Hi everyone, I finally got in contact with my dealer. The owner told me that I was doing everything right and he had no other fixes. He told me that he was going to request a quad rep. come and look at my stove. I figured I better get all of facts straight before a rep looks at my stove. I grabbed a notebook and my IR temp gun and started recording notes on my stages of burn. I loaded the stove with nice select four inch splits of oak, hickory and maple on top of a few coals. I didn't have the stove jammed full but had a good amount of tightly stacked wood in the stove. I shut the start up control after I seen a flame and then closed the main air control and the pipe damper when the stove was 200 deg. the draft was .04 After one hour the stove top was 729 deg. and the draft was .08. After ten mins. past the stove was 773 deg with the draft at .09. After another ten mins. the stove was 803 deg and the draft was .1. I then was getting concerned with the creaking stove and I turned the fan on high after reaching 806 deg. The stove cooled off 200 deg in the next hour. My house is roasting hot now and the fire is down to 350 deg after loading it 3 hours and ten mins earlier. No flames anymore just a pile of hot coals that I doubt will last another 2 hours. Now do I have fight with quadra fire or not? My dealer told me earlier today that I will shorten the life of the stove if its burnt at 700 deg. Well I reached 806 deg before I got nervous and turned the fan on high to cool it down. Quad says not to burn over 600 deg. and boast a burn time of 20 hrs. Ha Ha Ha not funny! I can't wait untill the rep shows up.


----------



## maxed_out (Dec 14, 2011)

chadihman, have you ever tried to run the stove with less wood? what results do you get?

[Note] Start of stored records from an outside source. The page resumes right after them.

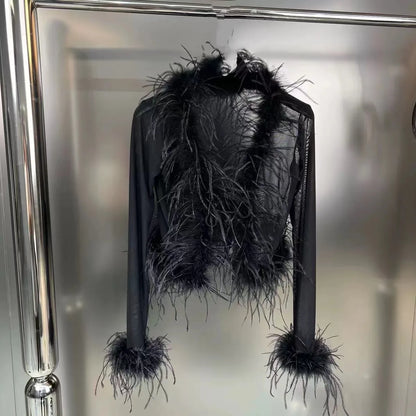Sexy See Through Mesh Patchwork Ostrich Feather Hem Shirt 2025 New Autumn Winter Fashion Long Sleeve Night Club Party Tops Y2K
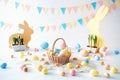 Easter. Many colorful Easter eggs with bunnies and baskets. Easter decoration of the room, children`s room for games Royalty Free Stock Photo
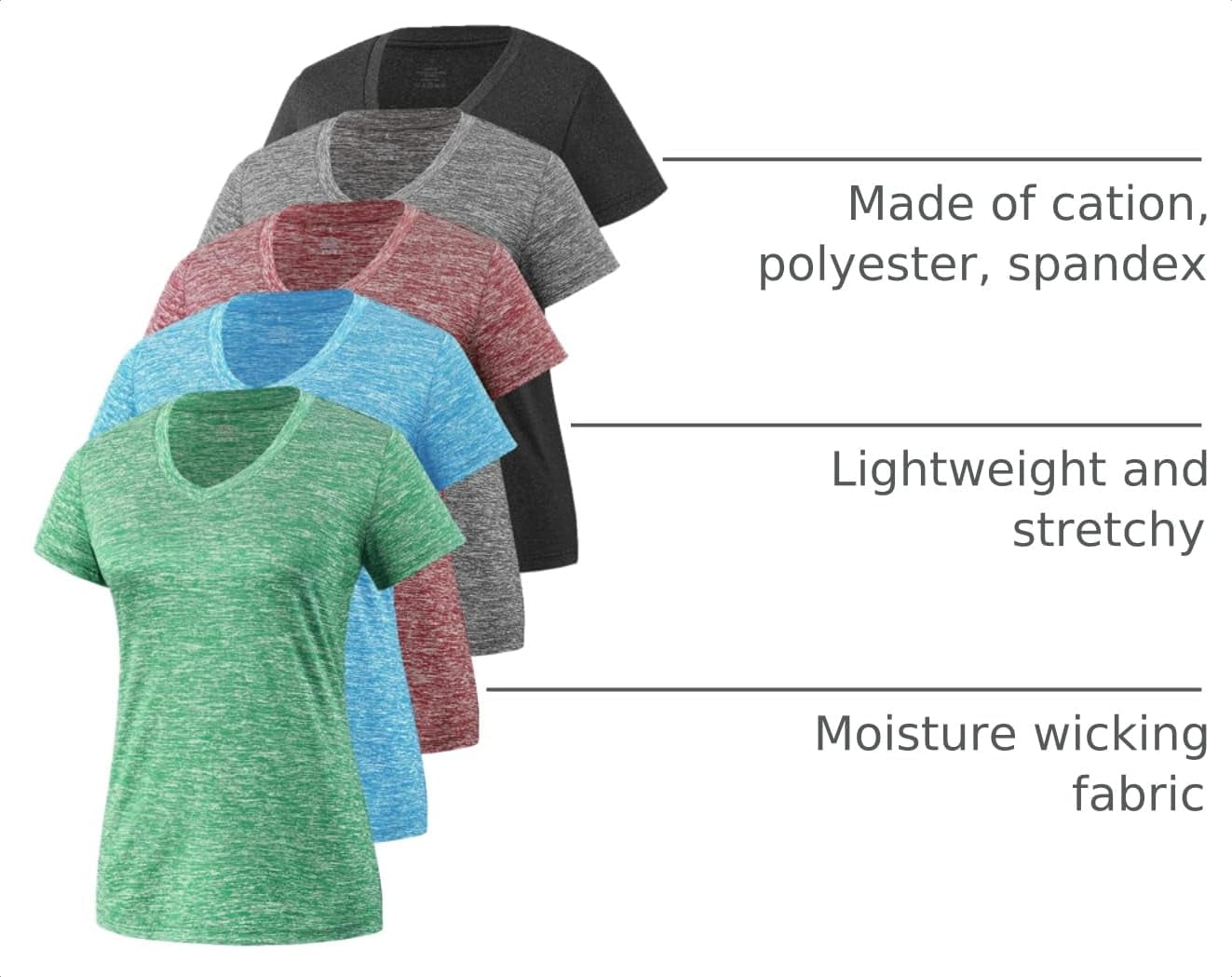 5-Pack Women'S Short Sleeve Dry Fit T-Shirt Moisture Wicking V-Neck Tee | Exercise Yoga Tees,Quick Dry Tops for Workout,Gym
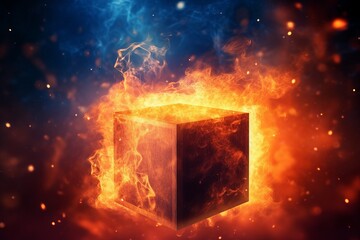 Fire cube background. Generate Ai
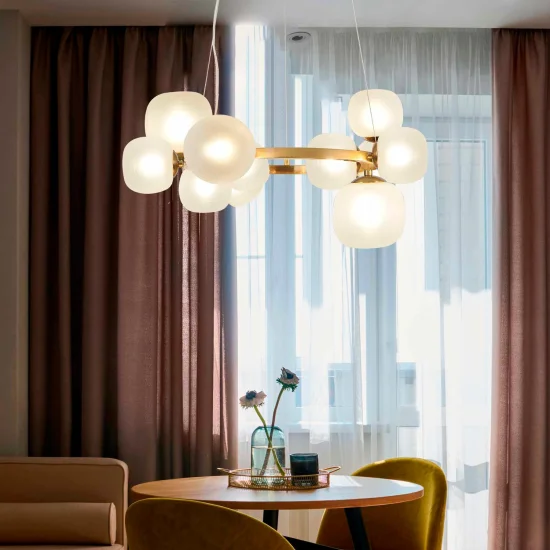 CANDEEIRO DE TECTO 11 LUZES FERRO DOURADO ABAJUR BRANCO NICOLETTA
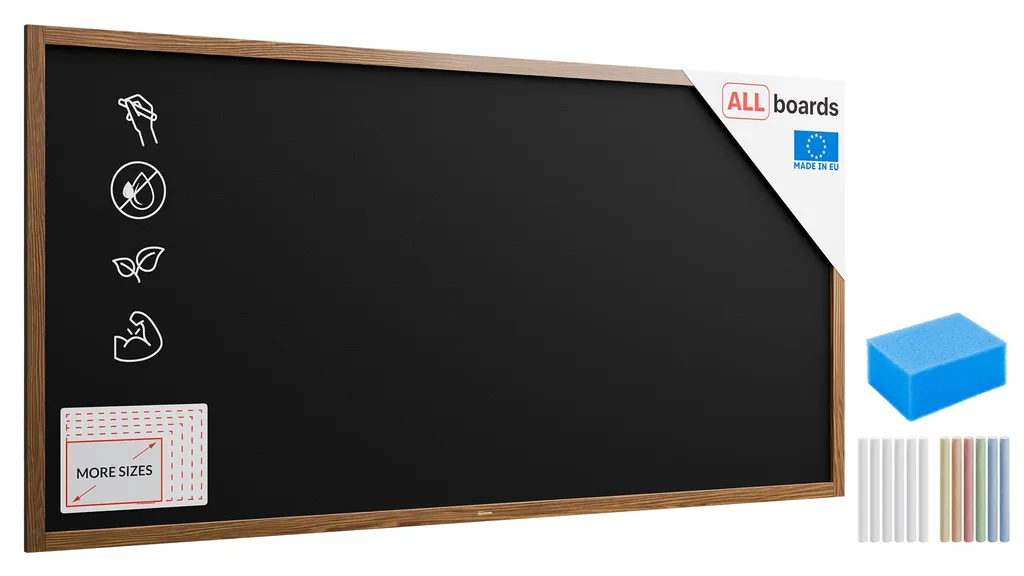 Lavagna Nera 200x100 cm Cornice Legno Massiccio - Offerta E-commerce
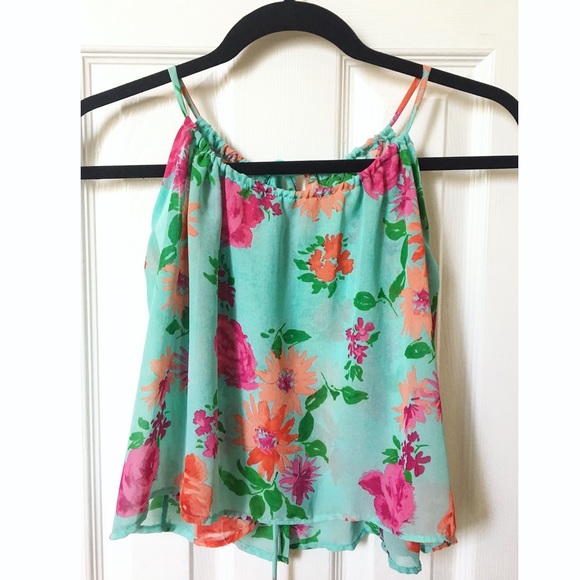 Turquoise Floral Print Top - Picture 1 of 4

once I have coals, my typical reload is 3-4 splits, together they can all easily fit into a 5 gallon bucket.  Again with the unusual weather I'm not going for burn time just secondaries.  She probably needs a re-charge every 4 hours and I could probably get away with 8hrs.

I would think your qf rep should be able to get things straightened out for you.


----------



## northwinds (Dec 15, 2011)

Please let us know how things turn out.  I'm really curious to see what the explanation is.  Your stove performs 
very differently than mine.  I can't imagine shutting the air down at 200 and having the temps go up to 800.
I don't think about "starting" to close the air until 550.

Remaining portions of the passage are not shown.